Tutorial
========

This tutorial provides a step-by-step guide to using NetworkSampler for
space-filling sampling on networks and semi-supervised node classification
via label propagation.

Package information
-------------------

Start by checking the installed version and dependencies:

.. code-block:: python

    import networksampler
    networksampler.info()


Generating a test network
-------------------------

NetworkSampler includes a utility to generate random networks for testing.
For a more realistic scenario, we use NetworkX to generate a network with
two communities:

.. code-block:: python

    import networkx as nx
    import numpy as np

    # Generate a network with 1000 nodes and two communities
    G = nx.gaussian_random_partition_graph(1000, 500, 100, 0.20, 0.1)
    A = nx.adjacency_matrix(G).todense()

    print(f"Nodes: {A.shape[0]}")
    print(f"Edges: {int(np.sum(A) / 2)}")


Computing the shortest path matrix
-----------------------------------

The space-filling algorithm operates on geodesic distances between nodes.
You can precompute this matrix once and reuse it across multiple sampling runs:

.. code-block:: python

    D = networksampler.compute_shortest_length_paths_matrix(A)

    print(f"Matrix shape: {D.shape}")
    print(f"Max distance: {D.max():.0f}")
    print(f"Mean distance: {D.mean():.2f}")


Space-filling sampling
----------------------

The core function ``sa_sampling`` selects a set of seed nodes that are
well spread across the network, minimizing the coverage criterion via
simulated annealing:

.. code-block:: python

    # Sample 30 nodes (3% of 1000)
    nodes, cost = networksampler.sa_sampling(A, 30, p=-4, q=4, r=0.1, D=D)

    print(f"Sampled nodes: {nodes}")
    print(f"Coverage cost: {cost:.4f}")

The parameters ``p`` and ``q`` control the coverage criterion.

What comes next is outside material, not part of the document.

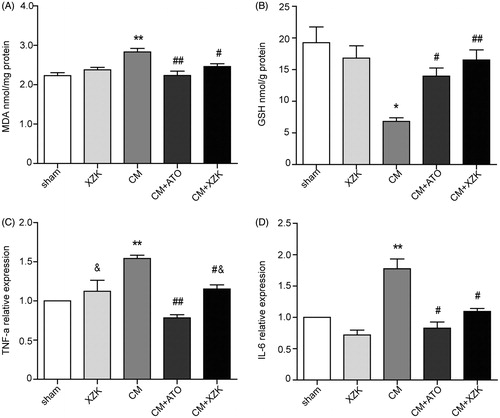 Figure 1. (A) MDA concentration of study groups. (B) Glutathione concentration of study groups. (C) TNF-α relative expression in study groups. (D) IL-6 relative expression in study groups. *p < 0.05, **p < 0.01 versus group sham and XZK; #p < 0.05, ##p < 0.01 versus group CM; &p < 0.05, versus group CM + ATO. n = 10. Values are mean ± SEM.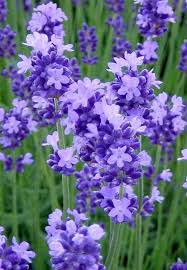 Purple Flowers Are A Great Way To Add Interest To Your Yard Or Landscape See Some Of Our Fa Purple And White Flowers Types Of Purple Flowers Beautiful Flowers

The paper
recommends ``p=-4`` and ``q=4`` as they generally achieve the best accuracy.
The parameter ``r`` is the cooling rate for simulated annealing.

If you have a precomputed shortest path matrix, pass it via the ``D``
parameter to avoid recomputing it.

For reproducible results, use the ``random_seed`` parameter:

.. code-block:: python

    nodes, cost = networksampler.sa_sampling(
        A, 30, p=-4, q=4, r=0.1, D=D, random_seed=42
    )


Comparing with other sampling strategies
-----------------------------------------

NetworkSampler also provides centrality-based random sampling through
``node_random_sample``. You can use this to compare the space-filling
design against other strategies:

.. code-block:: python

    # Random sample proportional to degree centrality
    nodes_degree = networksampler.node_random_sample(A, 30, measure="degree")

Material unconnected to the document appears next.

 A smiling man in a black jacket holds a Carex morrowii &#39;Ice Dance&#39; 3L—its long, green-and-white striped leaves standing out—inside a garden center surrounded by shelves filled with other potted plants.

    # Random sample proportional to betweenness centrality
    nodes_betw = networksampler.node_random_sample(A, 30, measure="betweenness")

    # Random sample proportional to closeness centrality
    nodes_close = networksampler.node_random_sample(A, 30, measure="closeness")

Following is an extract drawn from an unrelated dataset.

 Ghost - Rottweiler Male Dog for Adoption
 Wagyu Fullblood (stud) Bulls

Available centrality measures are: ``degree``, ``closeness``, ``betweenness``,
and ``eigenvector``.


Two-phase sampling for large networks
--------------------------------------

For networks larger than 5000 nodes, the full shortest path matrix becomes
expensive to compute and store. The ``sa_sampling_twophases`` function
addresses this with a two-phase procedure:

1. First, a subgraph is sampled using centrality-based node selection
2. Then, the space-filling design is applied on the subgraph

.. code-block:: python

    nodes, cost = networksampler.sa_sampling_twophases(
        A, ns=10, p=-4, q=4, r=0.1,
        centrality_measure="betweenness",
        first_phase_sample_fraction=0.2
    )

    print(f"Sampled nodes: {nodes}")
    print(f"Coverage cost: {cost:.4f}")

The ``first_phase_sample_fraction`` controls the fraction of nodes retained
in the first phase (default: 0.1). The ``centrality_measure`` parameter
determines how nodes are selected in the first phase.


Computing node centrality measures
-----------------------------------

The utility function ``nodes_centrality_measures`` computes multiple
centrality metrics for all nodes in the network:

.. code-block:: python

    from networksampler.utils import nodes_centrality_measures

    pagerank, degree, closeness, betweenness = nodes_centrality_measures(A)

    # Example: top 5 nodes by betweenness centrality
    top5 = sorted(betweenness, key=betweenness.get, reverse=True)[:5]
    print(f"Top 5 nodes by betweenness: {top5}")


Label propagation example
--------------------------

Here is a complete example combining NetworkSampler with label propagation:

.. code-block:: python

    import networkx as nx
    import numpy as np
    import networksampler

    # 1. Generate a network with two communities
    G = nx.gaussian_random_partition_graph(500, 250, 50, 0.15, 0.05)
    A = nx.adjacency_matrix(G).todense()

    # 2. Assign ground truth labels based on community membership
    partition = G.graph['partition']
    labels = np.zeros(500, dtype=int)
    for i, community in enumerate(partition):
        for node in community:
            labels[node] = i

    # 3. Select seeds using space-filling design
    seeds, cost = networksampler.sa_sampling(A, 15, p=-4, q=4, r=0.1)

    # 4. Label propagation using the graph Laplacian
    n = A.shape[0]
    W = np.array(A, dtype=float)
    D_diag = np.diag(W.sum(axis=1).A1 if hasattr(W.sum(axis=1), 'A1') else W.sum(axis=1))
    L = D_diag - W

    # Partition into unlabeled (u) and seed (s) nodes
    u_mask = np.ones(n, dtype=bool)
    u_mask[seeds] = False
    u_idx = np.where(u_mask)[0]
    s_idx = seeds

    Luu = L[np.ix_(u_idx, u_idx)]
    Lus = L[np.ix_(u_idx, s_idx)]
    fs = labels[s_idx].astype(float)

    # Solve for unlabeled nodes
    fu = np.linalg.solve(Luu, -Lus @ fs)
    predicted = (fu >= 0.5).astype(int)

    # 5. Evaluate accuracy
    accuracy = np.mean(predicted == labels[u_idx])
    print(f"Classification accuracy: {accuracy:.4f}")